The antibody according to the invention has very strong affinity for the target antigen, activates T cells, can exhibit excellent (in vivo) anti-tumor activity, excellent stability, lower side effects, and the effect is better than the prior art.
Further understanding of the invention can be obtained by referring to some specific examples provided herein, and these examples are only used to illustrate the present invention rather than any limitation to the scope thereof. It is obvious that various changes and modifications can be made to the invention without departing from the spirit thereof, and therefore these changes and modifications are also within the claimed protection scope of the present application. Unless otherwise stated, the ratios including percentages used herein are calculated on a weight basis.
The reagents and instruments used in the Examples are all commercially available. Tecentriq can be obtained from Roche.

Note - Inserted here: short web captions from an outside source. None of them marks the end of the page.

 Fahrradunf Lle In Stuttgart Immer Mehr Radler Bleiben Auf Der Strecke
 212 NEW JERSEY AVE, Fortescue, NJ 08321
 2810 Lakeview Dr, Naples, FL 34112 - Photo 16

Peripheral blood of 106 healthy adults (53 males and 53 females) were collected, and PBMC (peripheral blood mononuclear cell) cells were separated using lymphocyte separation solution, and a total of 2×109 cells were collected. Total RNAs were extracted with Trizol method and were reverse transcribed into cDNA. By referring to the method in “Recombinant Antibody” (Science Press, 2005), the conventional PCR method was used to amplify the variable region genes of different antibody subtypes, and the antibody variable region genes were cloned into the pDF vector digested with the same enzyme by conventional molecular biology techniques. E. coli XL1-Blue (Agilent Technology) was transformed by electroporation. After expansion with SB medium, 1×1013 pfu helper virus VCSM13 (BioVector NTCC Inc.) was added for infection to obtain a primary phage antibody library, and the primary antibody library and BS1365 bacteria were mixed in proportion (MOI of infection>200) to construct a large capacity antibody library.

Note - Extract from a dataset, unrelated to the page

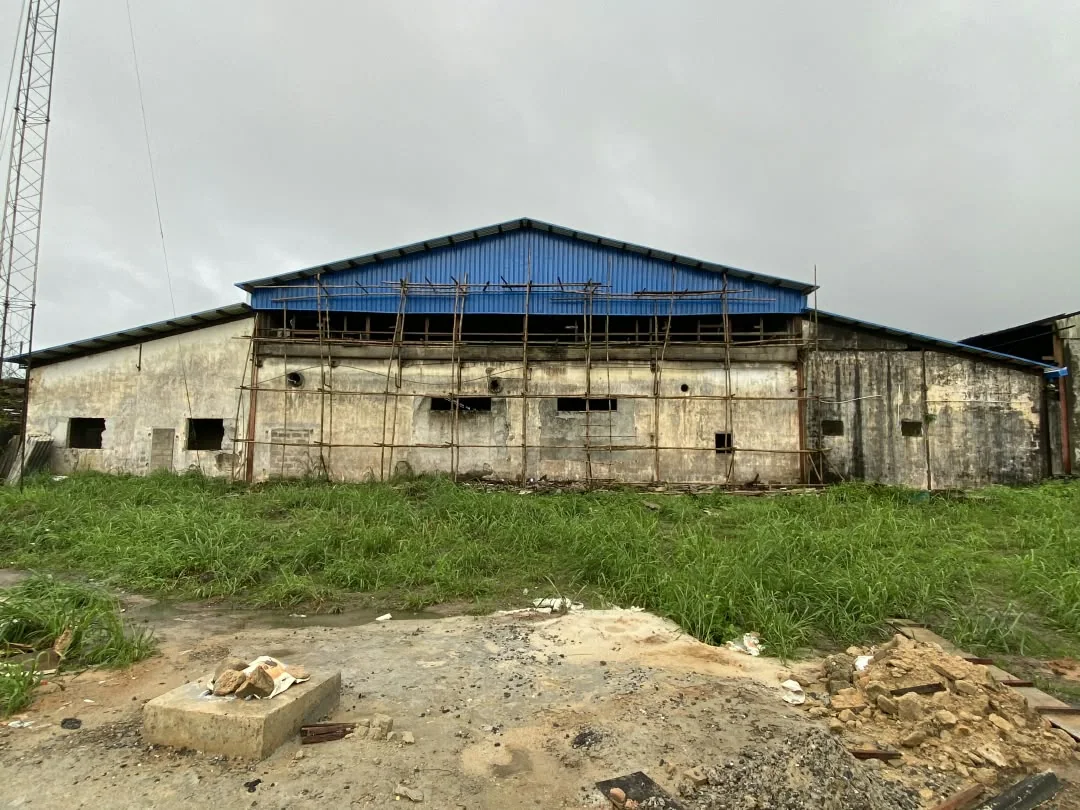 Scaffolding at the factory facade during renovation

After blocking the immunoassay tube (Maxisorp immunoassay tube, Thermo Nunc) coated with recombinant PD-L1 (product of R&D company) with 5% skimmed milk powder, the above phage antibody library was added and incubated at 37° C. for 2 h; unbound phages were discarded, TBS solution was used for washing 5 times with non-specifically adsorbed phages being completely washed away; 1 mL of elution buffer (0.1 mol/L glycine-HCl, pH 2.2) was added to elute the phages and 40 μL of 2 mol/L Tris solution was used for neutralization. XL1-Blue bacteria (Agilent Technology) at logarithmic phase, SB medium (SB medium: tryptone 30 g, yeast extract 20 g, MOPS 10 g, dissolved in 950 mL deionized water, pH adjusted to 7.0 with sodium hydroxide, volume metered to 1 L, autoclaved) and the helper phage VCSM13 were added for amplification and enrichment. The process was repeated for 3-4 times, and the eluted phages were used to infect the freshly prepared XL1-Blue bacteria (logarithmic phase)-coated culture plate. After incubation overnight at 37° C., a single clone was obtained (for specific methods and reagents, reference can be made to: “Phage Display”, Humana Press).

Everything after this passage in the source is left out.